## WHAT YOU SHOULD DO
Range to output from the entries below: the line containing "沙特媒体称葡萄牙体育已放弃引进C罗交易成本超出俱乐部承受范围" through the line containing "DOMCKE, Georg Peter". Set it down exactly, ends included, nothing else.

## MATERIAL TO PROCESS
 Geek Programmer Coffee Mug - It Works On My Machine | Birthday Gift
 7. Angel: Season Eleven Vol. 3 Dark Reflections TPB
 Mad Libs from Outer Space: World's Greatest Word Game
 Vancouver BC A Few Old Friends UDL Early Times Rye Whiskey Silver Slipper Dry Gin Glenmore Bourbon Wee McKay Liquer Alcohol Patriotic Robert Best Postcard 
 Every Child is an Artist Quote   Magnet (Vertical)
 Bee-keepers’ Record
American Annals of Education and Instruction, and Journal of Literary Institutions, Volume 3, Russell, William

...

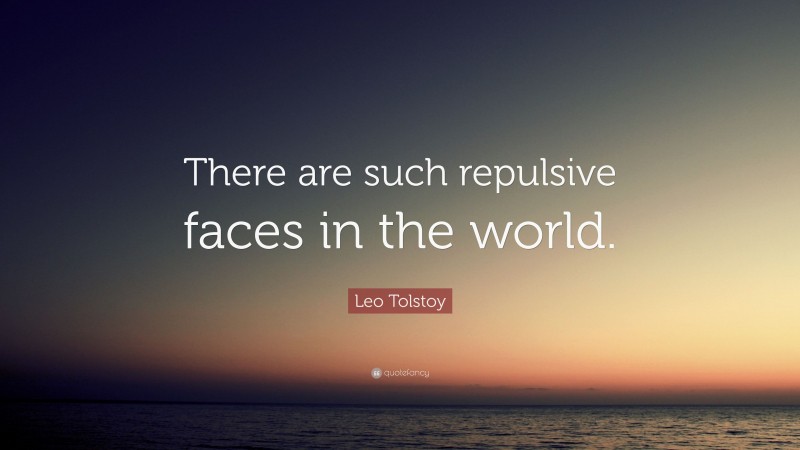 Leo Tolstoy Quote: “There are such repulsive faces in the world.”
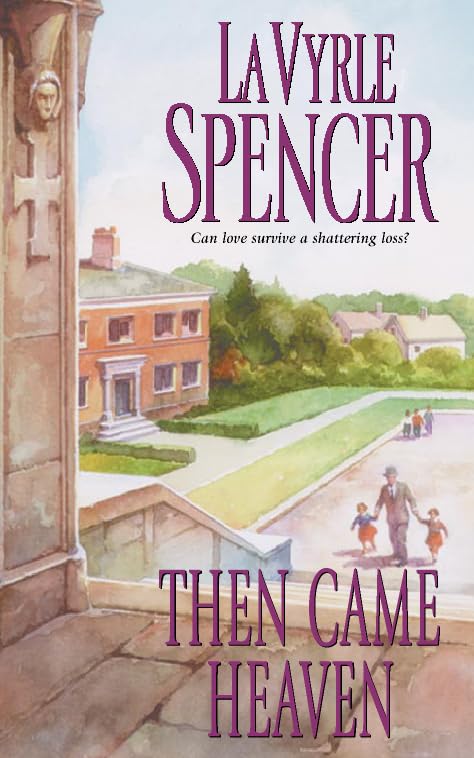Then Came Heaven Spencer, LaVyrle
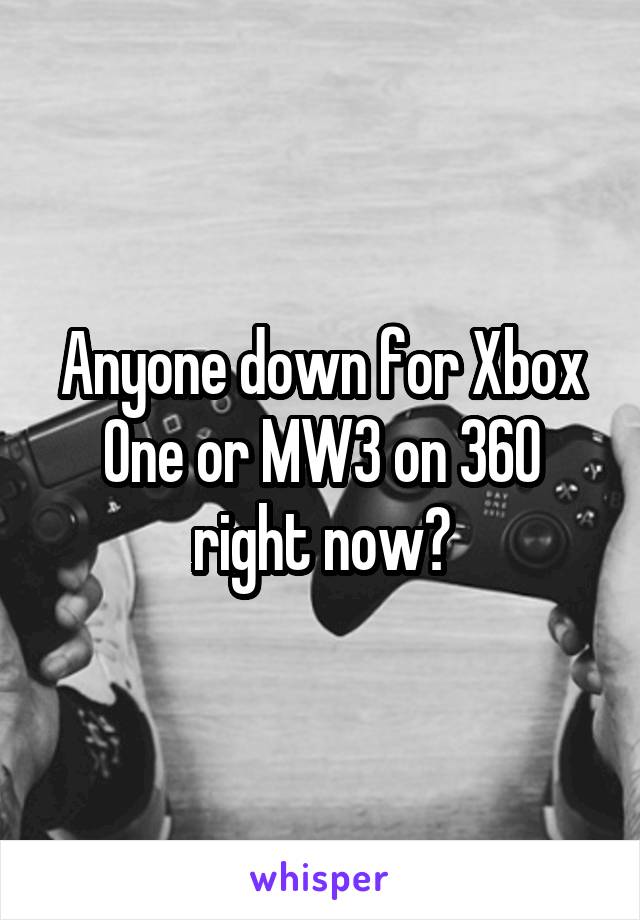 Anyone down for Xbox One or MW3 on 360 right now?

---

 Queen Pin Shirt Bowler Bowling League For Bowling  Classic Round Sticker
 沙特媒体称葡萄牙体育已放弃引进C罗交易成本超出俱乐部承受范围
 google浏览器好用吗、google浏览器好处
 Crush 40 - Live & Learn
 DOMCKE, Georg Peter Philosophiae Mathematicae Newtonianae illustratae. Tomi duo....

## YOUR SOLUTION
 沙特媒体称葡萄牙体育已放弃引进C罗交易成本超出俱乐部承受范围
 google浏览器好用吗、google浏览器好处
 Crush 40 - Live & Learn
 DOMCKE, Georg Peter Philosophiae Mathematicae Newtonianae illustratae. Tomi duo....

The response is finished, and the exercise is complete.